BRIEF: Begin with the line holding "Pretty Woman Wearing" and end with the last line of the records below. Set down exactly those lines and leave out every picture.

──────── INFORMATION SUPPLIED ────────

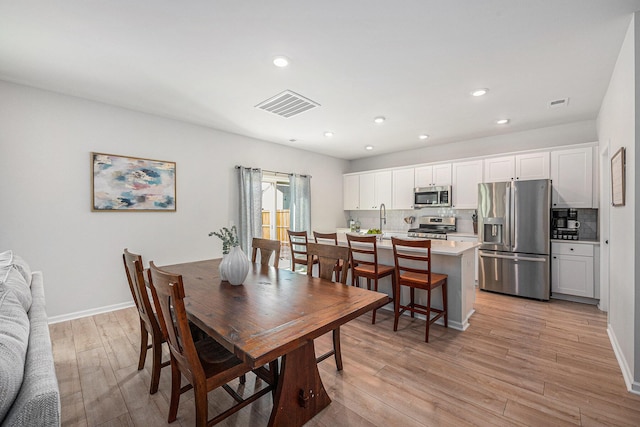 dining space featuring light hardwood / wood-style flooring and sink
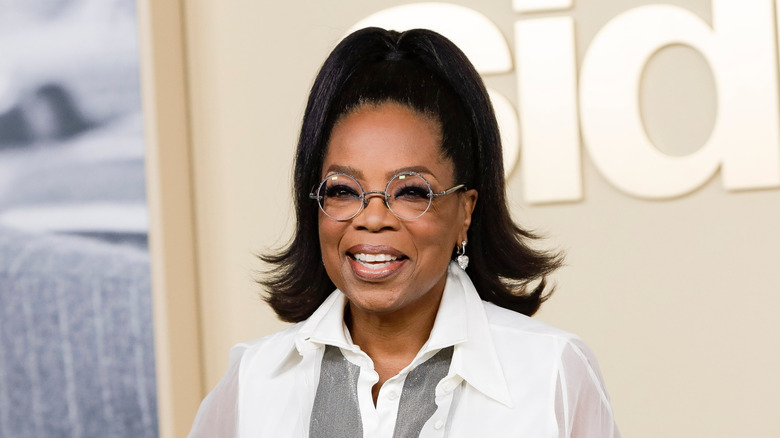 Oprah smiling and wearing glasses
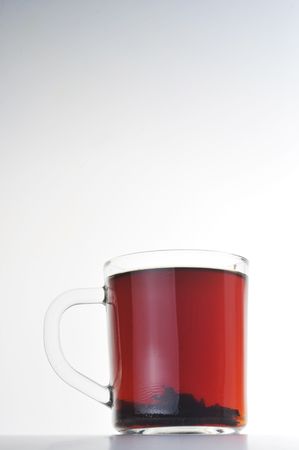 Full glass cup of tea isolatedの写真素材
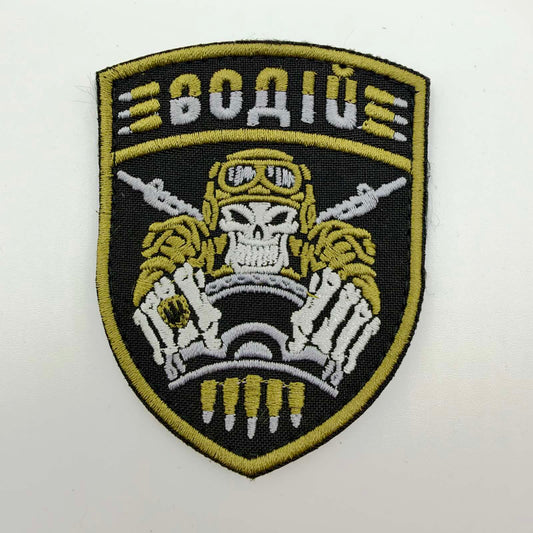 Black shield-shaped embroidered morale patch with olive-yellow edging, Ukrainian text meaning “Driver”, and a skull-faced driver wearing goggles and gripping a steering wheel, with crossed rifles and cartridge motifs.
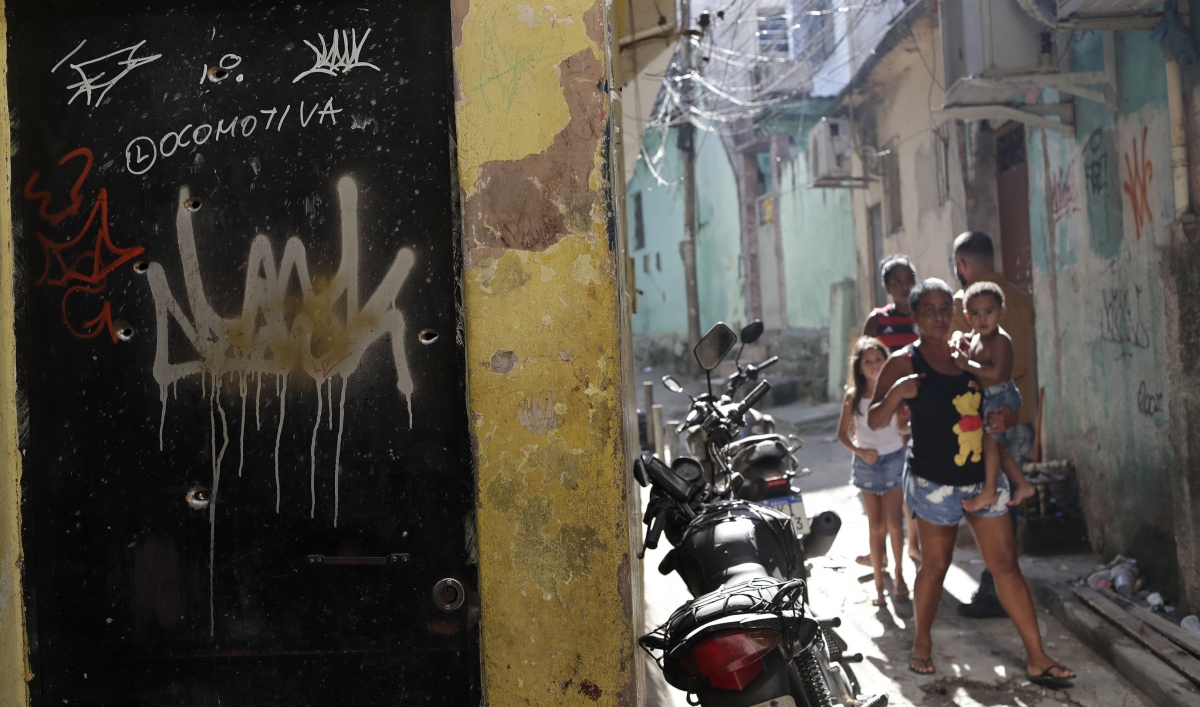 Residents walk near a doorway scared with bullet holes after a police raid against alleged drug traffickers in Rio de Janeiro, Brazil, May 6, 2021.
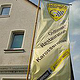 Flagge für eine Restaurationsfirma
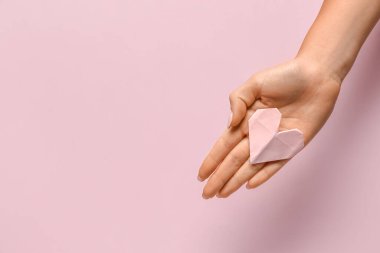 Pembe arka planda kağıttan yapılmış güzel bir kalbi olan kadın eli. Ulusal Tatlı Gün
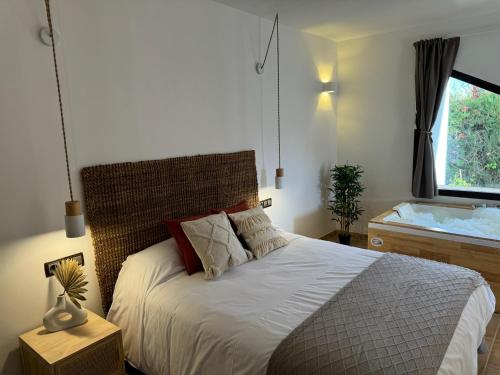 a bedroom with a large bed and a window at KAUKABA-Apartamentos Rurales- Adults Only in Pozo Alcón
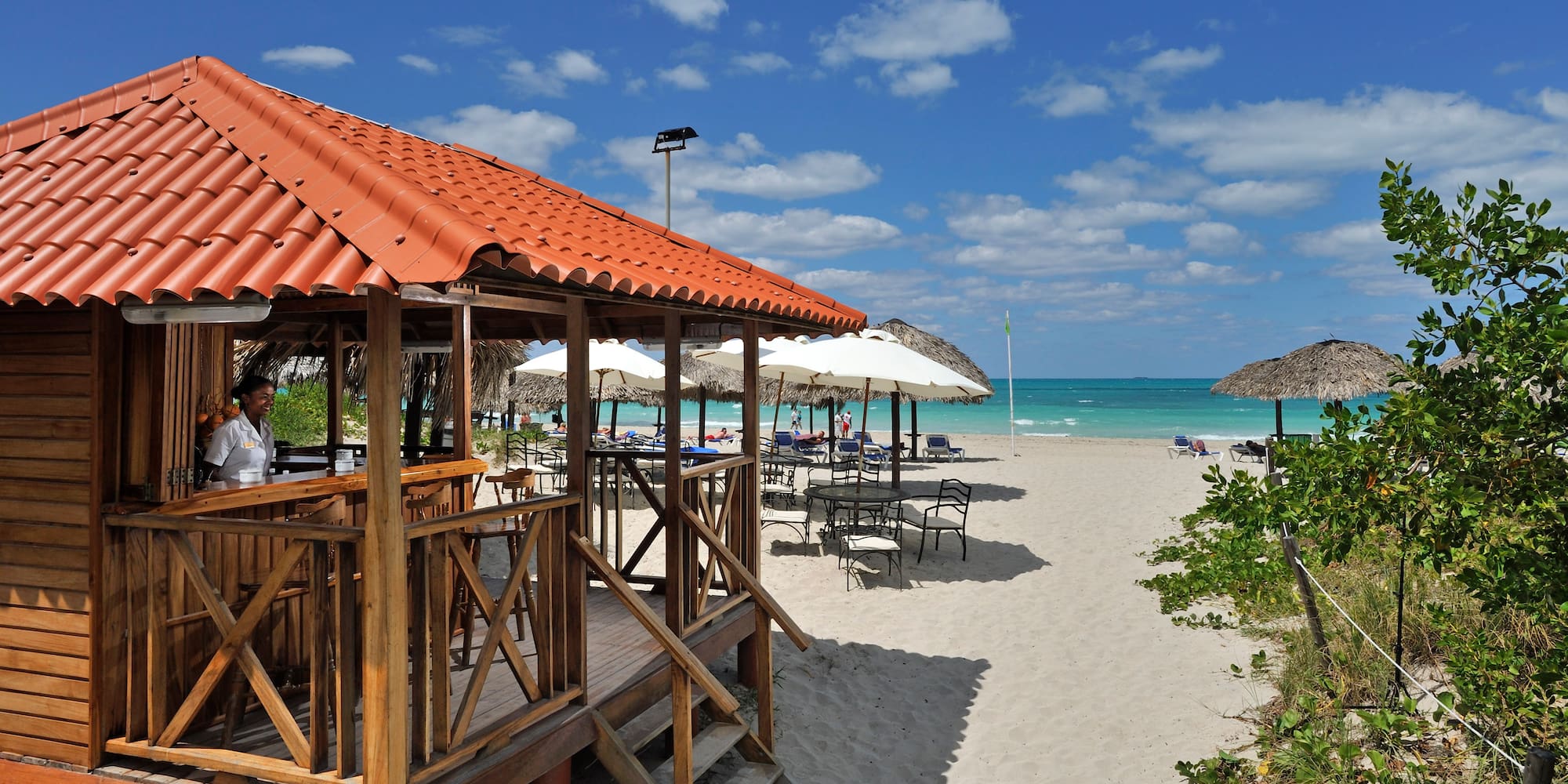 a beach with umbrellas and a gazebo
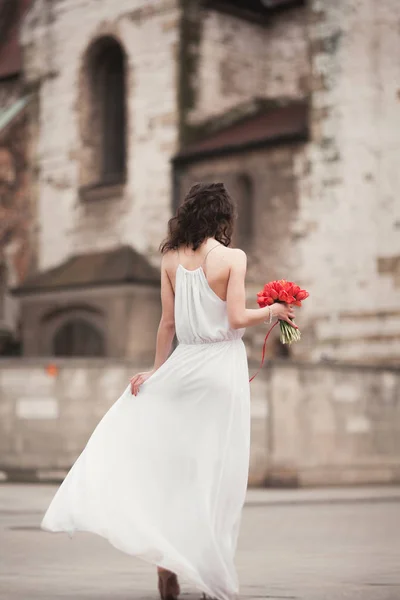 Vackra unga brud med brudbukett till bakgrunden kyrkan — Stockfoto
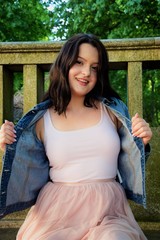 beautiful young girl pulls aside her jacket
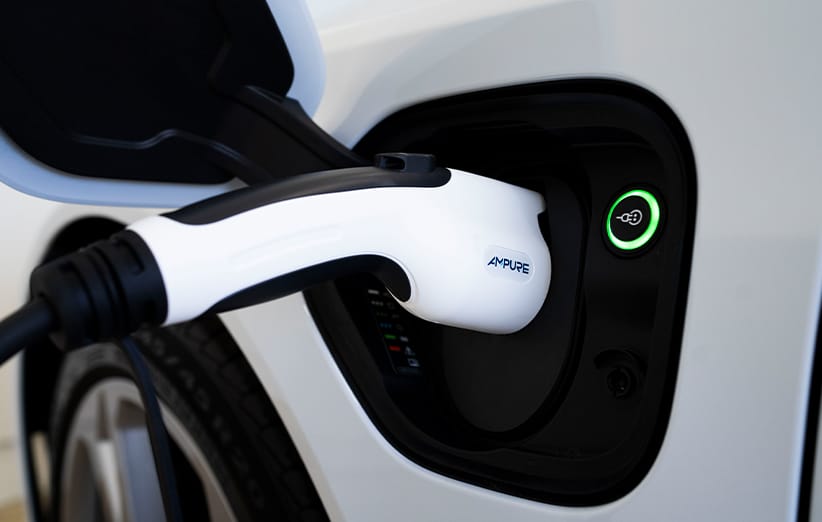 Close-up shot of the black and white Ampure Go portable charger for hybrid electric vehicles, capable of delivering Level 1 and Level 2 charging using standard 120V or 240V outlets, plugged into the open socket of a white Kia vehicle, with a green ring indicating active charging status.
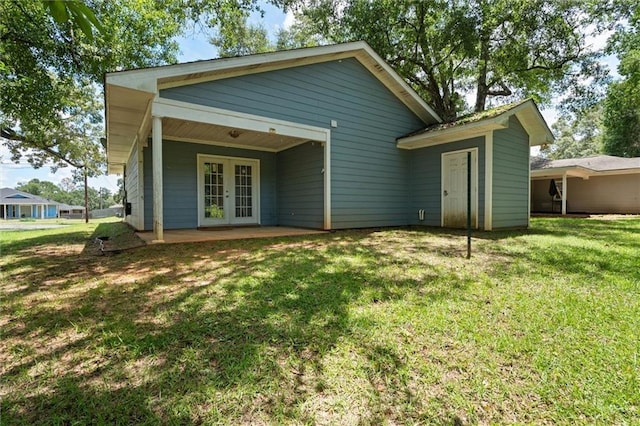 505 Doby Ct, Mobile, AL 36608 - rear view of house with french doors, a lawn, and a patio area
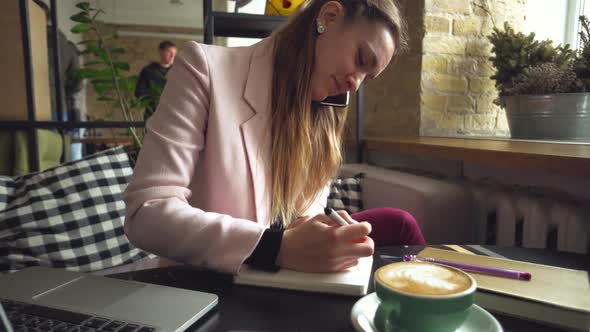 Pretty Woman Wearing Casual Suit Talking on the Mobile Phone and Sitting in Coffee House, Working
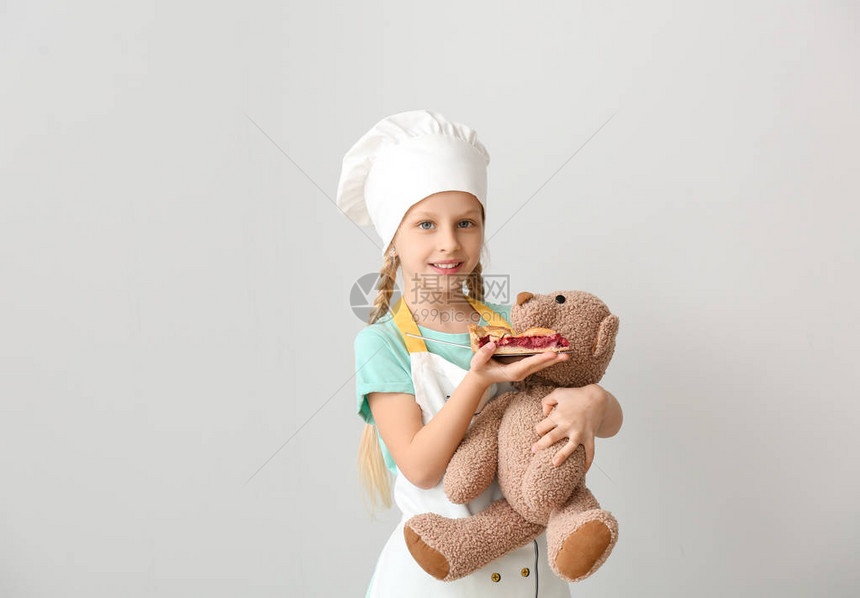 可爱的小厨师喂小玩具熊用图片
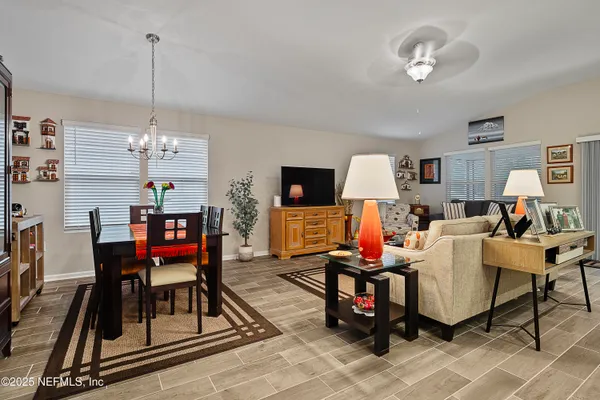 a living room with furniture a dining table and a chandelier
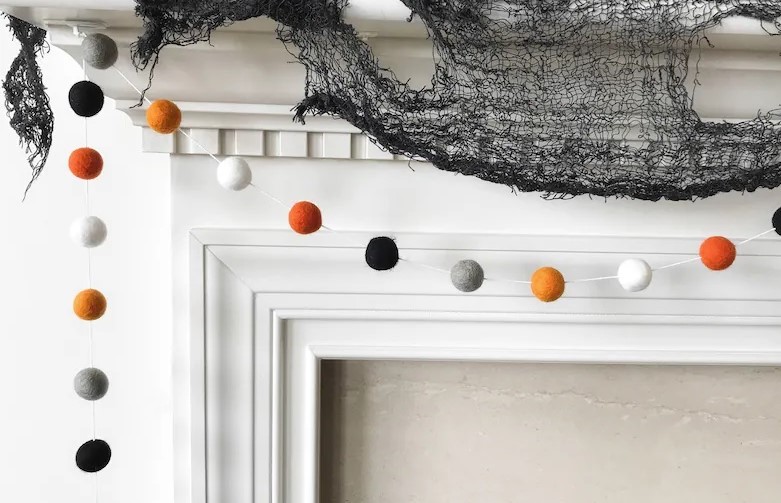 Anything that adds soft and subtle texture such as this felt ball Halloween garland shown in the photo (with felt balls in alternating colours of black, gray, burnt orange and white) make classy Halloween decorations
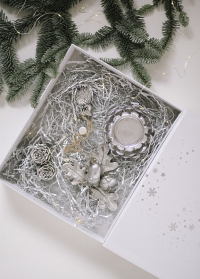 Новогодняя подарочная коробка украшена серебристыми снежинками с набором елочных украшений фото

────────

SOLVED PROBLEM:
 Pretty Woman Wearing Casual Suit Talking on the Mobile Phone and Sitting in Coffee House, Working
 可爱的小厨师喂小玩具熊用图片
 a living room with furniture a dining table and a chandelier
 Anything that adds soft and subtle texture such as this felt ball Halloween garland shown in the photo (with felt balls in alternating colours of black, gray, burnt orange and white) make classy Halloween decorations
 Новогодняя подарочная коробка украшена серебристыми снежинками с набором елочных украшений фото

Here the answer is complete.